I started thinking about witchcraft. It started the same way as anything else, it just bubbled up to the surface at some point when I wasn’t paying attention. It might have had its seed in a show I signed on for at Haven Gallery, a show themed for folklore, and so I had to fit something into that. It was sneaky and so I don’t recall the actual beginning, just the point when it had taken hold. I only noticed once I was reading about the various poisons associated with western witches, the plants that they used to kill and to create dark magic like nightshade, mandrake and fly agaric mushrooms, the creatures they worked through like hares and goats. The pieces are three separate aspects of musing about witchcraft, about trying to cajole order out of confusion, looking for a system.
A milkhare is a manifestation of a witch, a familiar they would use to steal milk from farmers. The hare drinks the milk and returns it to the witch. I’m not certain why the concept is so fascinating, but I find it deeply troubling.

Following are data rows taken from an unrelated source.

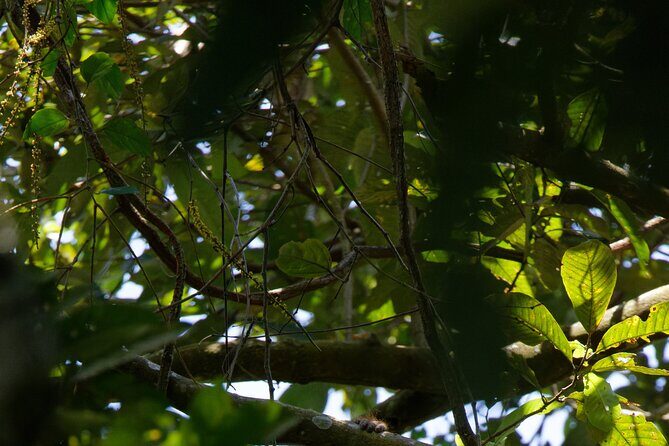 6 Days Bukit Lawang - Berastagi Tour (2D1N Jungle Treking + Sunrise Hiking) - Is This Tour Worth the Price?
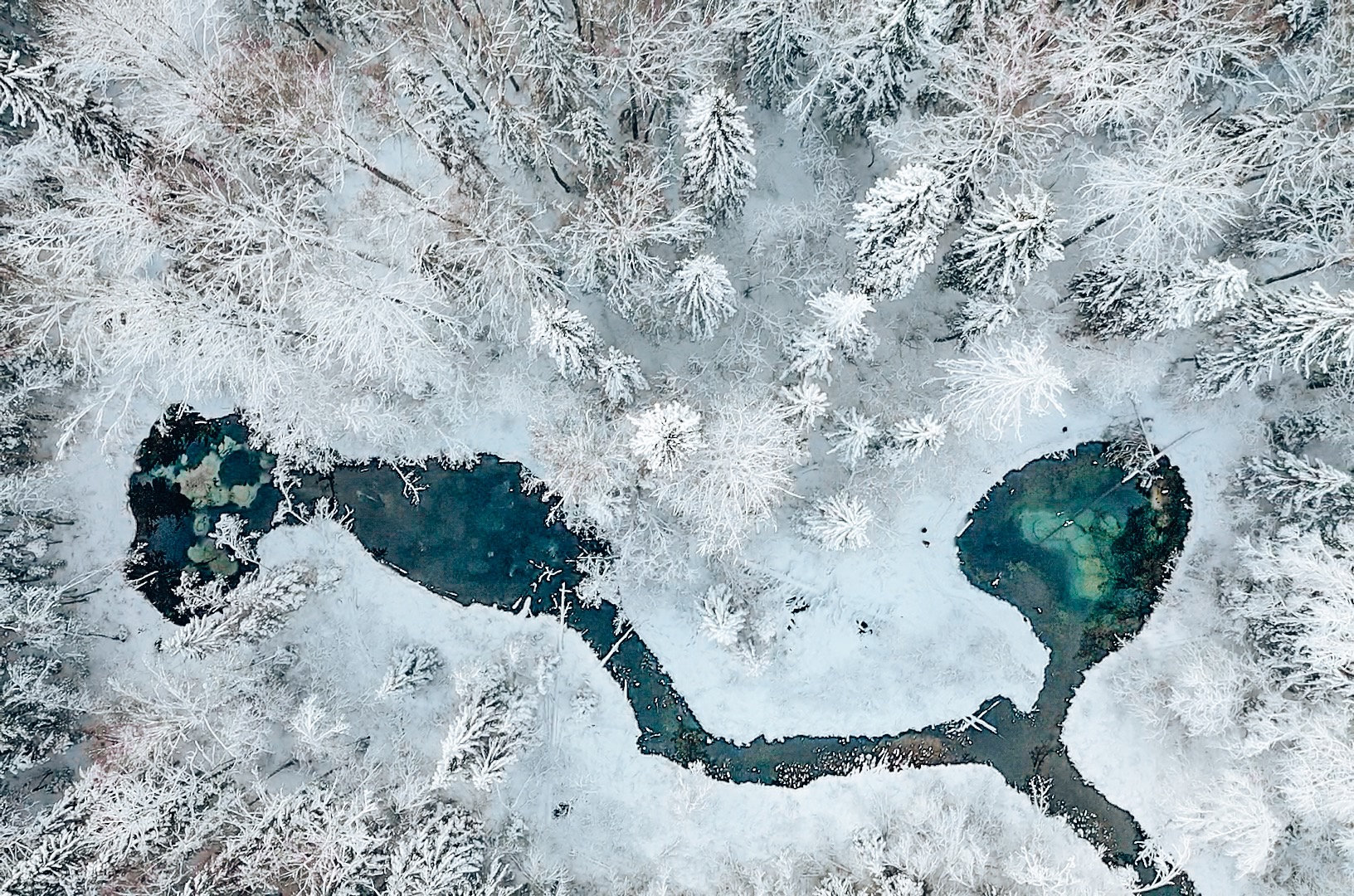 Estonia, Fasten Ur Seatbelts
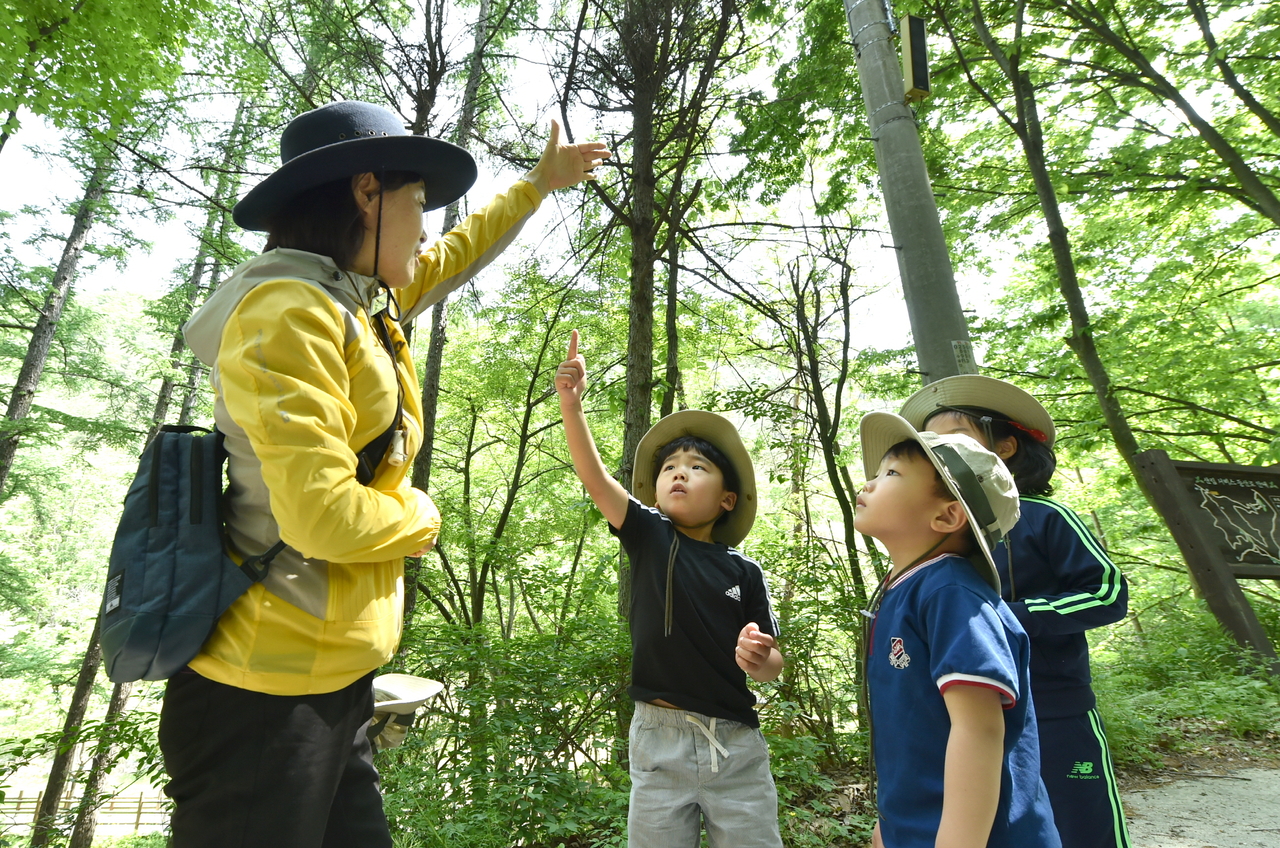 유아숲 체험원 운영.[청송군 제공]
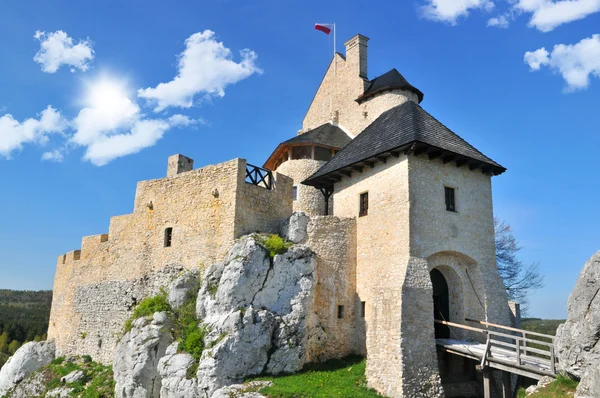 Middeleeuws kasteel — Stockfoto
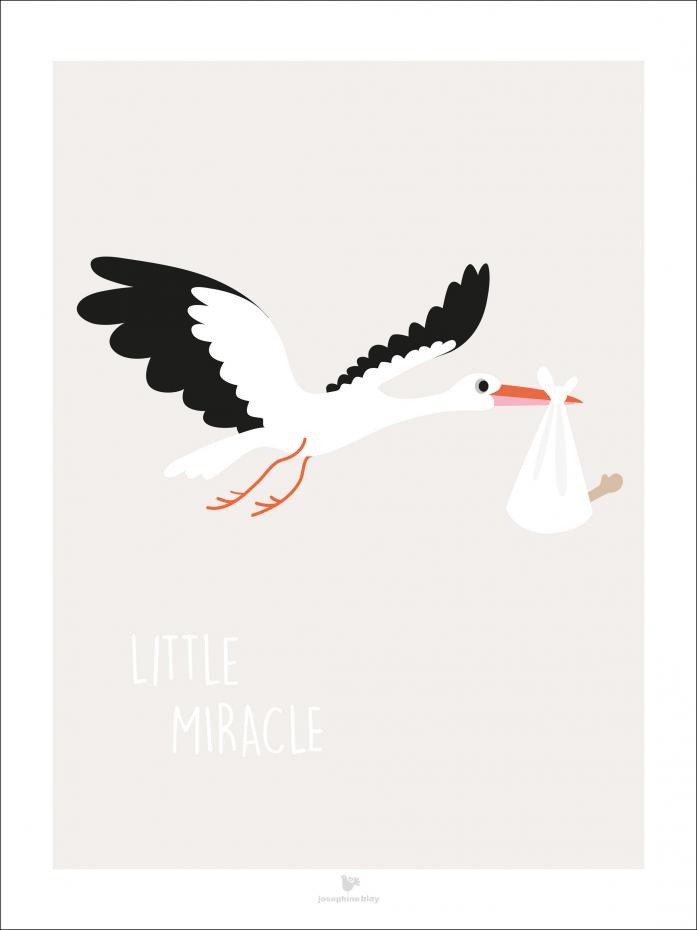 Bildverkstad Little miracle - Beige Poster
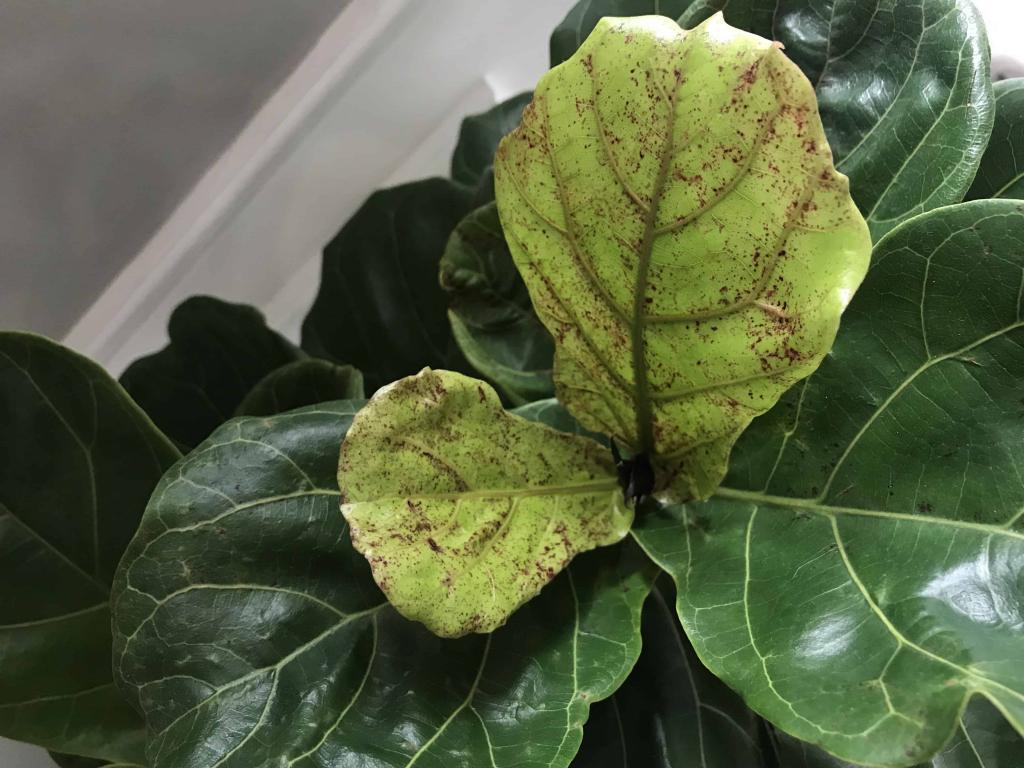 Rust Colored Spots on New Growth | The Fiddle Leaf Fig Plant Resource
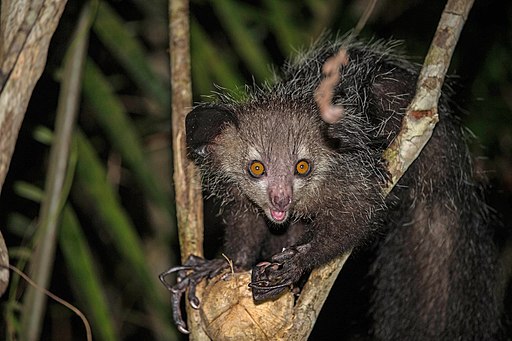 Aye-aye is among the weirdest looking animal because they look scary.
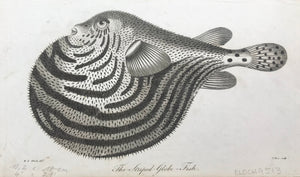 Fish Striped Globe Fish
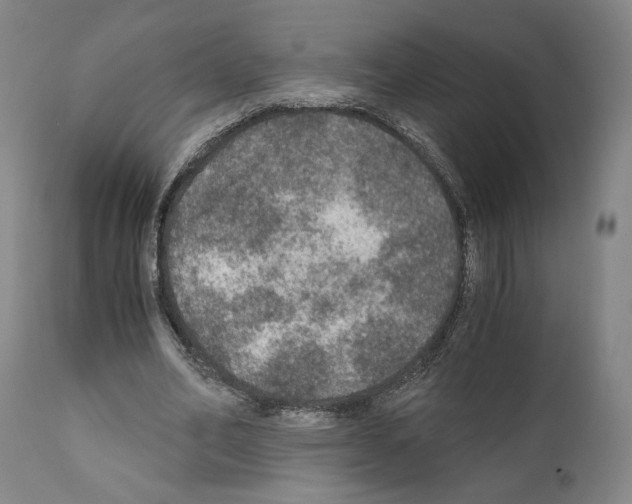 X0000110890582200907301544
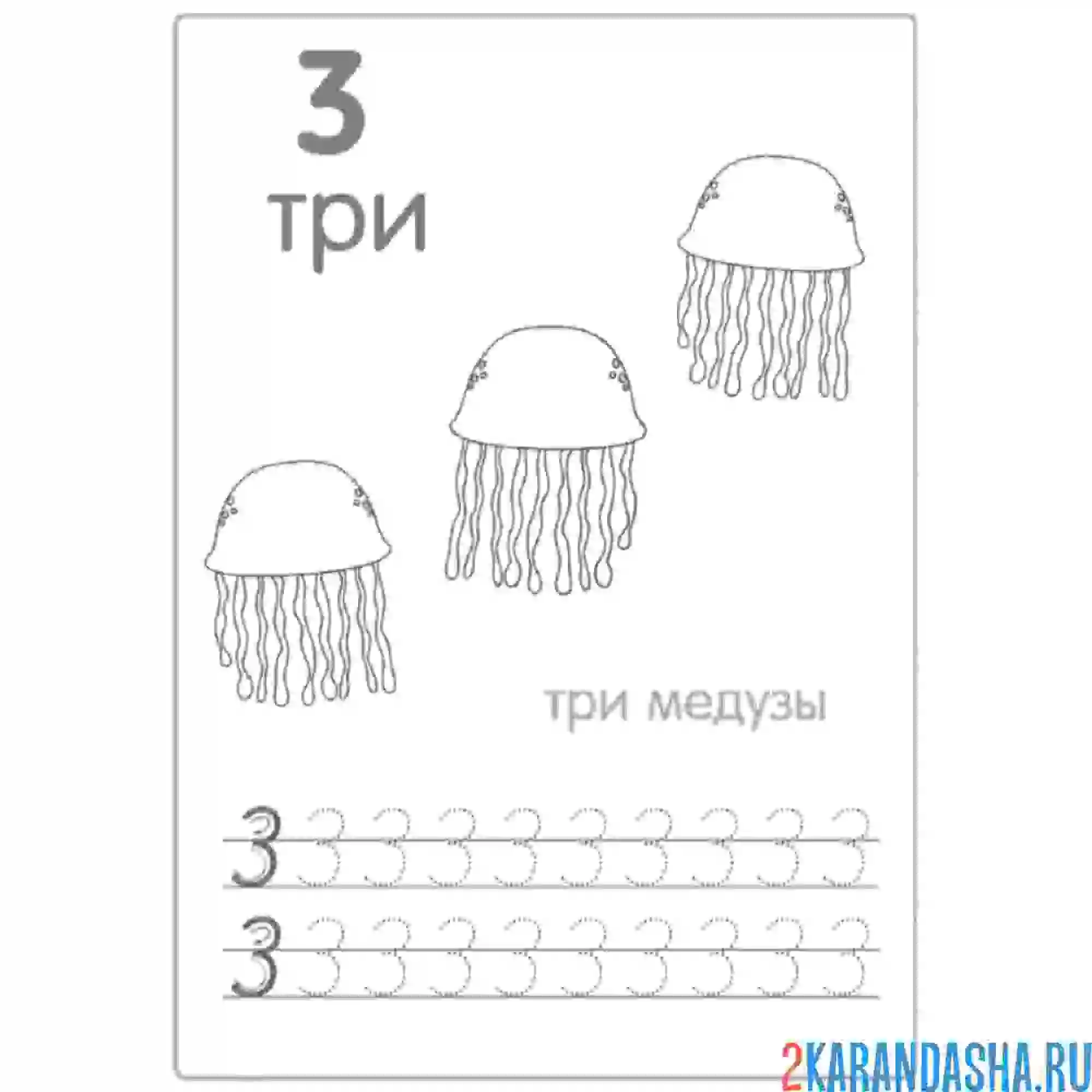 Раскраска пропись цифра 3 по линии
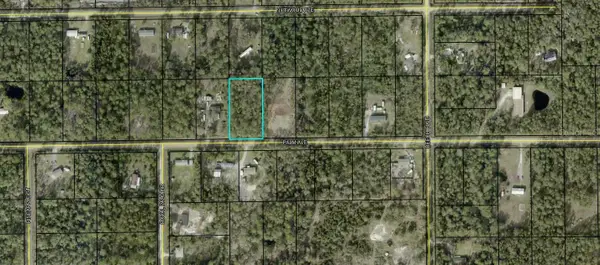 5638 Palm Avenue, BUNNELL, FL 32110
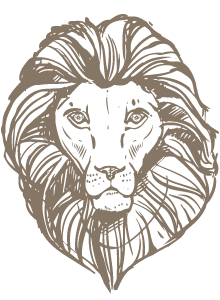 Illustration-of-a-lion-1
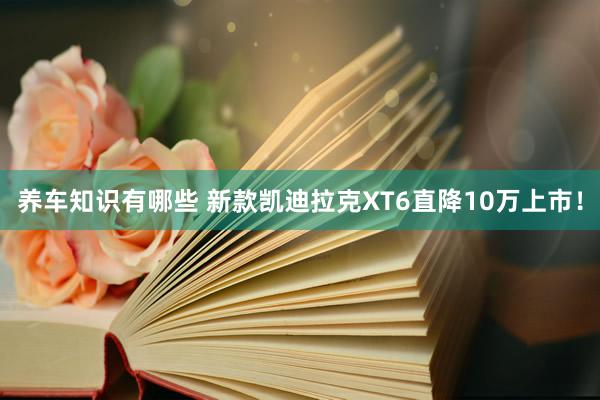 养车知识有哪些 新款凯迪拉克XT6直降10万上市！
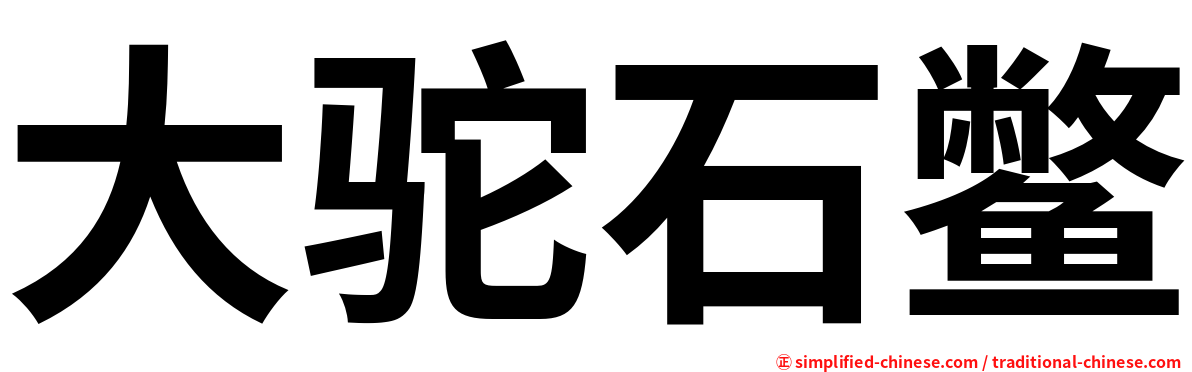 大驼石鳖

Maybe it’s easy for me to relate to the concept of darkness and uncertainty all around, that odd and awful things are happening and there must be some culprit. But who’s to blame? The outsider? Maybe there really is a monster out there beyond the pale, living in the dark woods. Anecdote and superstition substituting for fact and reason still seems to be our standard mode of operation and it doesn’t seem to have changed much over the past several hundred years. It’s disheartening.
Sacrifice is a curio to make sense of the disordered world. Surely death, blood and poison can help me through this maze. Sometimes I let the strangeness pour out and I try to hang logical sense on it later. Sometimes there doesn’t seem to be any reason or sense to be had. This seems like one of those times.
A lot of mourning doves live around my house. I end up putting them in paintings just because I see so much of them. I know that they’re just living their lives, near the neighbor’s bird feeder, but it’s easy to pin something more on them, on their sad songs and watching eyes. They’re always watching, always. Portent is about a clinging sense of dread. I don’t generally have what I’d call a hopeful outlook on the world, and the last several years feel even darker. The black goat is calm and still and grows an extra horn. The birds are carrying poison and the horns are tangled in string and hung with more nightshade. It’s uncertain. I’m uncertain. It feels calm and quiet and humming with unease all at the same time. If only I could figure out what they’re trying to tell me, maybe then I could navigate safely.